Assignment: Where an image appears in the data, omit it and reproduce the rest exactly.
────
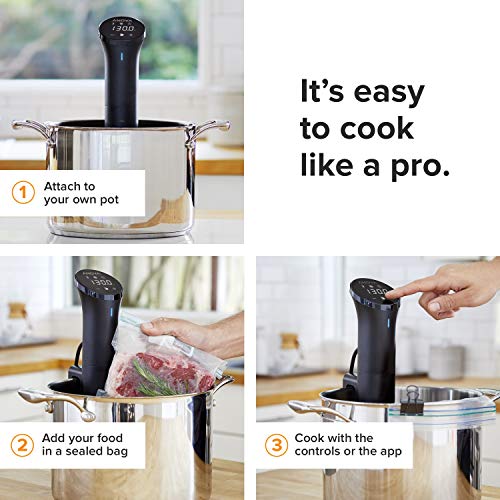 Anova Precision Cooker Nano 2.0 - WiFi, Small, Black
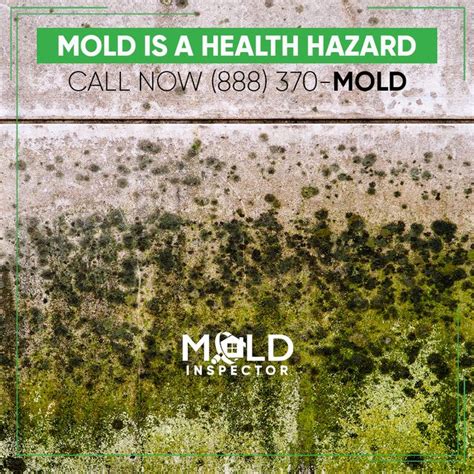 Understanding the Health Effects of Mold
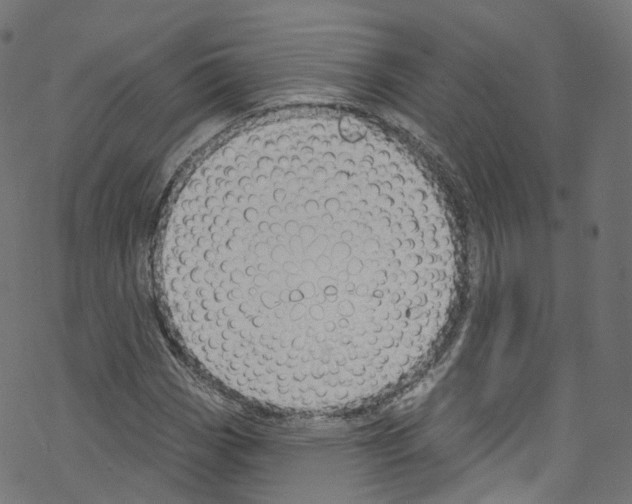 X0000076221113200611160952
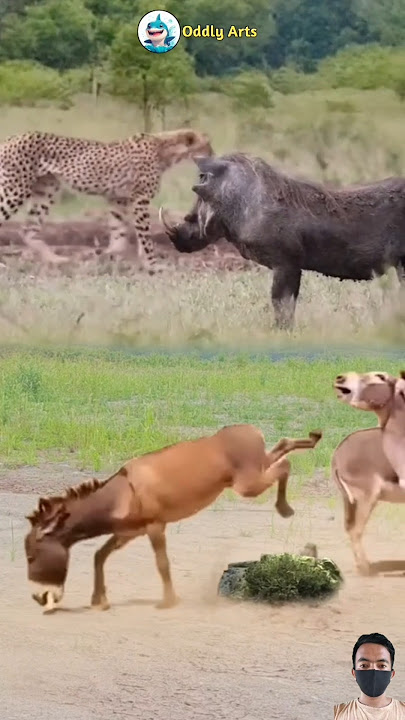 WOW!! PERTARUNGAN SENGIT KELEDAI DAN BABI #animals #shorts
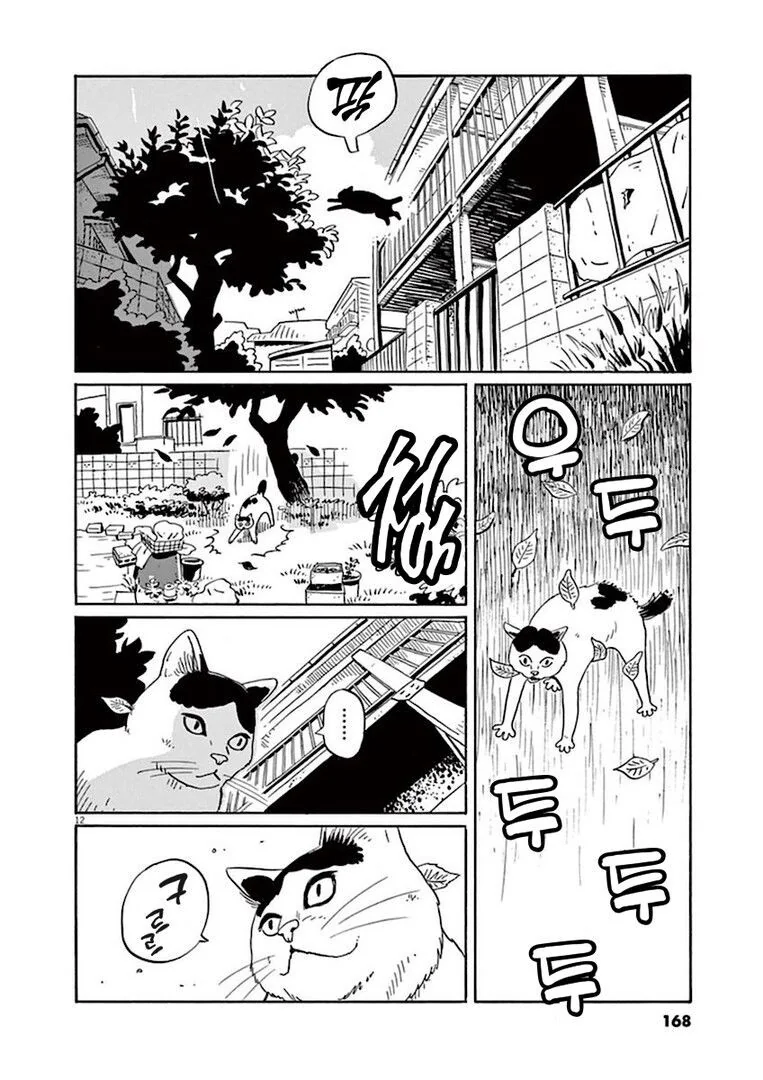 집고양이 분짱의 일년.manga - 이미지 12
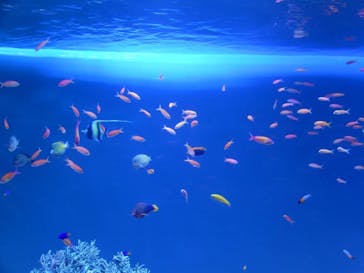 サンシャイン水族館に投稿された画像（2022/1/4）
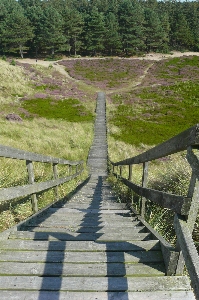 Wood trail bridge building Photo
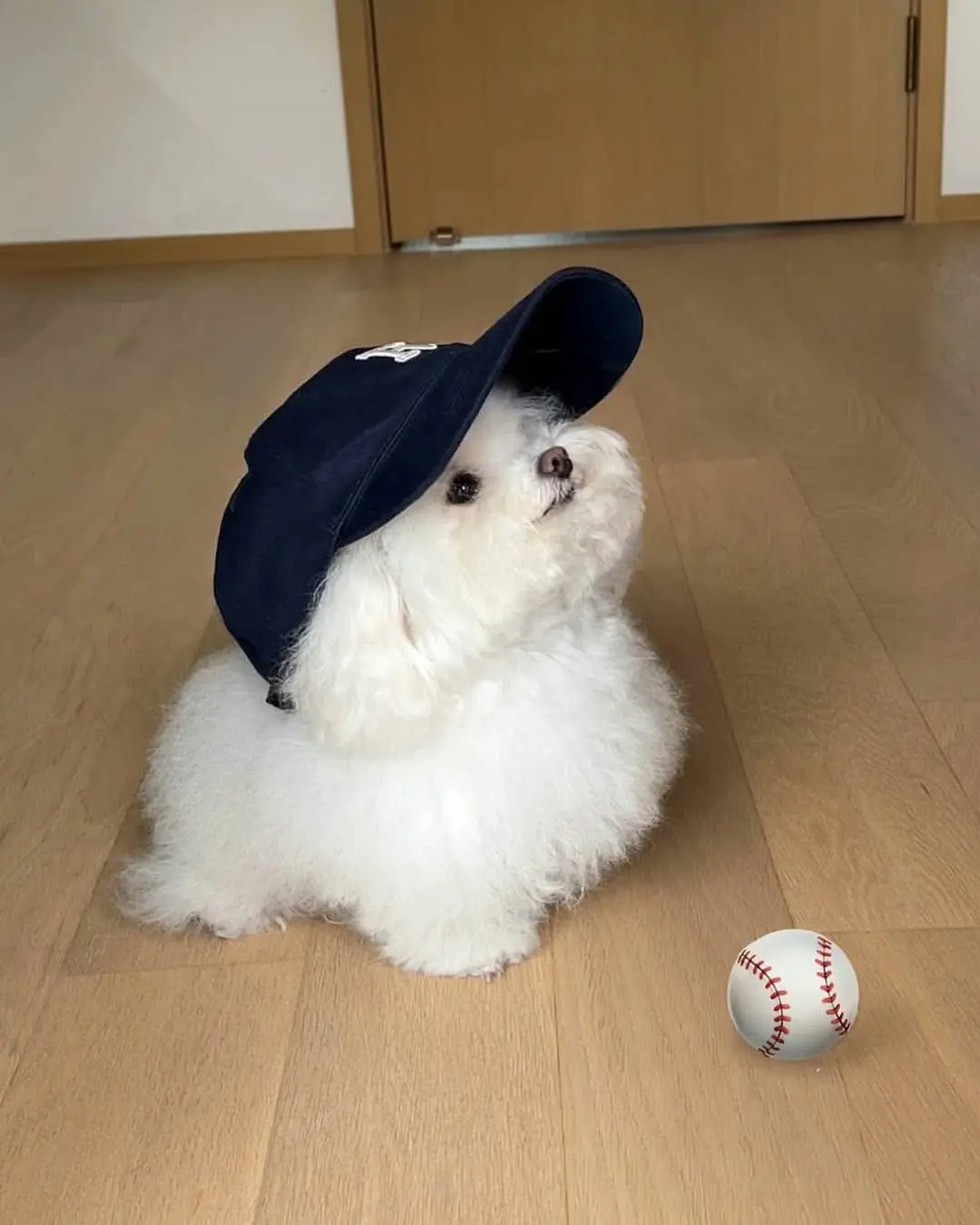 A small, fluffy white dog wearing a navy blue baseball cap sits on a light wooden floor, looking upward with a determined…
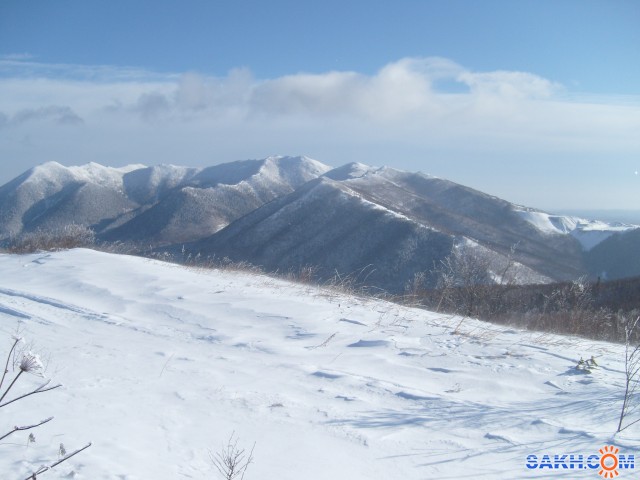 S7301552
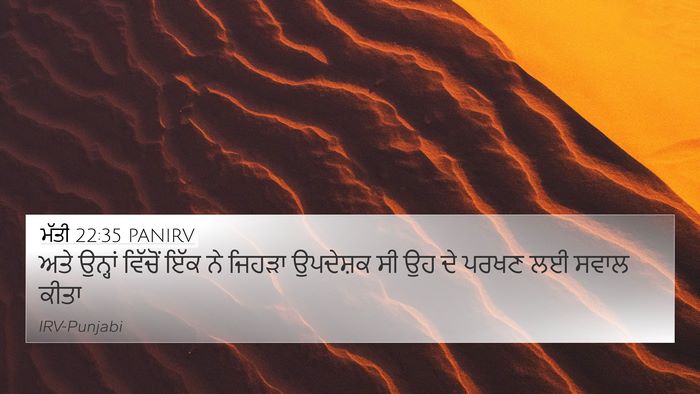 ਮੱਤੀ 22:35 PANIRV Bible Verse Image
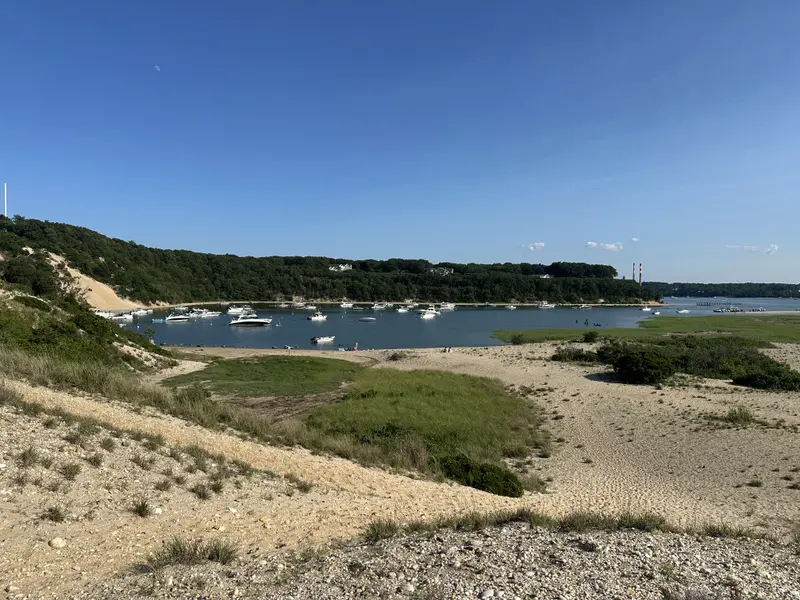 Belle Terre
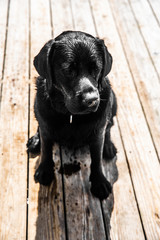 Duke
────
Solution for this exercise:
 Anova Precision Cooker Nano 2.0 - WiFi, Small, Black
 Understanding the Health Effects of Mold
 X0000076221113200611160952
 WOW!! PERTARUNGAN SENGIT KELEDAI DAN BABI #animals #shorts
 집고양이 분짱의 일년.manga - 이미지 12
 サンシャイン水族館に投稿された画像（2022/1/4）
 Wood trail bridge building Photo
 A small, fluffy white dog wearing a navy blue baseball cap sits on a light wooden floor, looking upward with a determined…
 S7301552
 ਮੱਤੀ 22:35 PANIRV Bible Verse Image
 Belle Terre
 Duke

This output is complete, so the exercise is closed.